■ Your objective ■
For the entries below, copy exactly the line that contains "VA Tri-Color Favia" through the line that contains "Someone Planted a", both ends included, and exclude all pictures.

■ Information ■
_ _ _

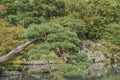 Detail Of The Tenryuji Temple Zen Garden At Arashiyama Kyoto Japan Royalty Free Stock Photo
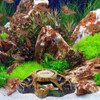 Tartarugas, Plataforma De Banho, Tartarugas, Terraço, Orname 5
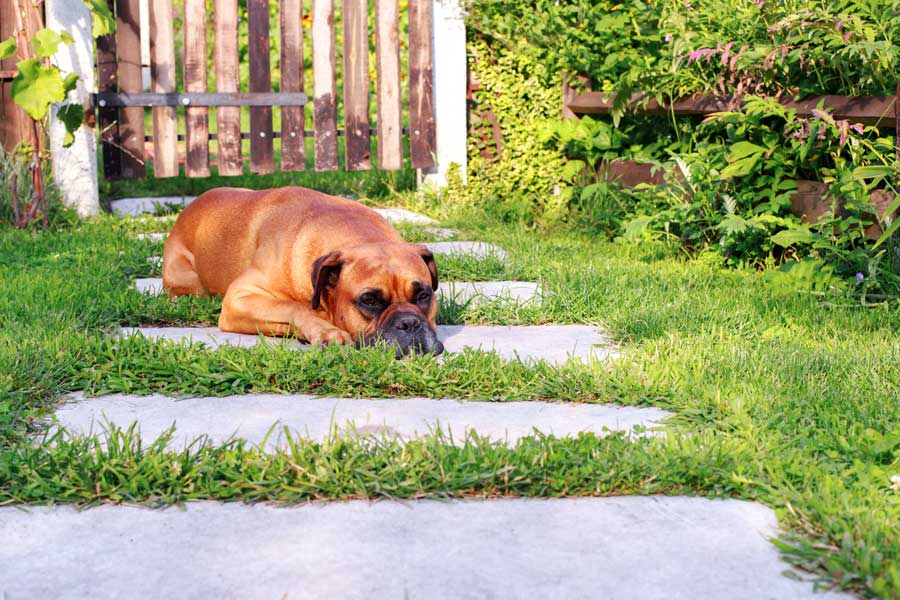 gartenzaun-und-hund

_ _ _

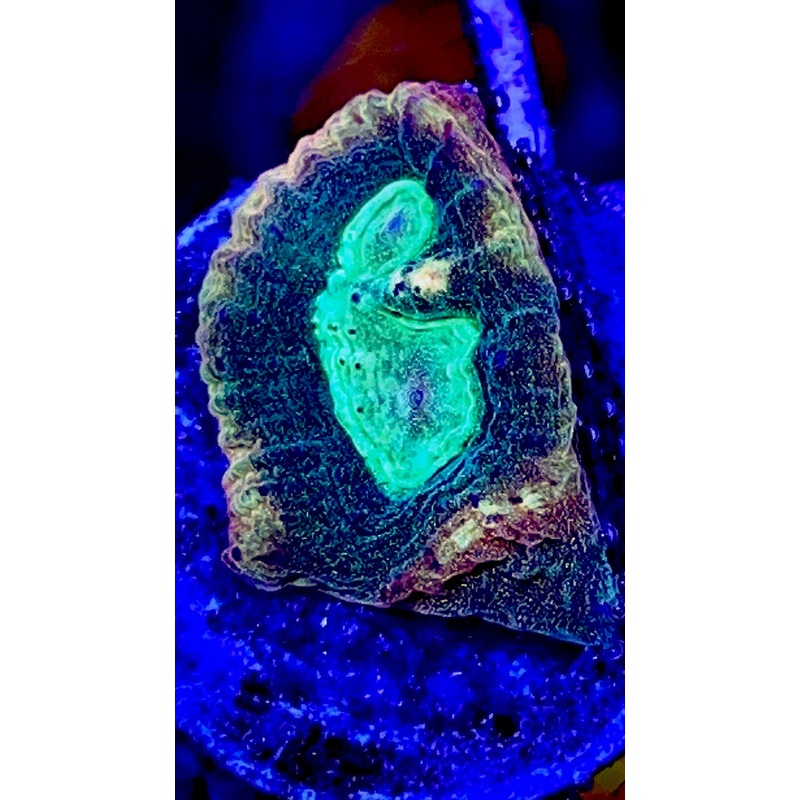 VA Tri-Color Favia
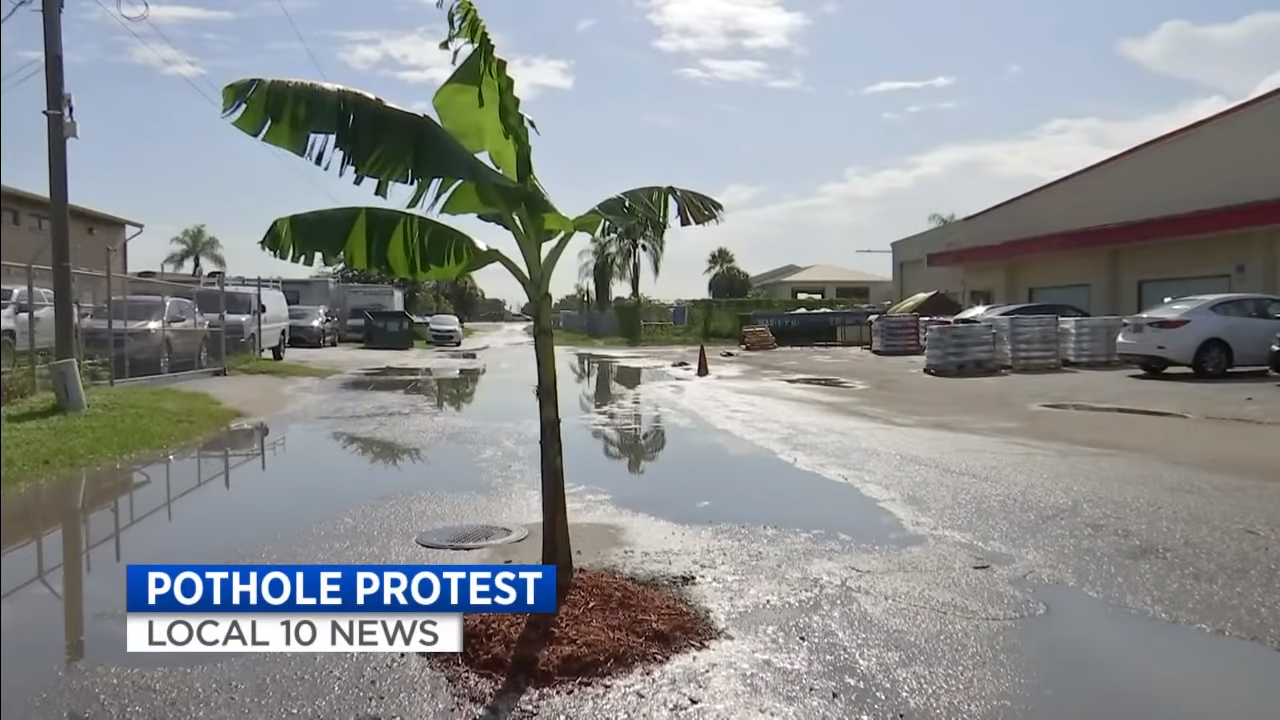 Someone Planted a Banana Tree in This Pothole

_ _ _

■ Response to the task ■
 VA Tri-Color Favia
 Someone Planted a Banana Tree in This Pothole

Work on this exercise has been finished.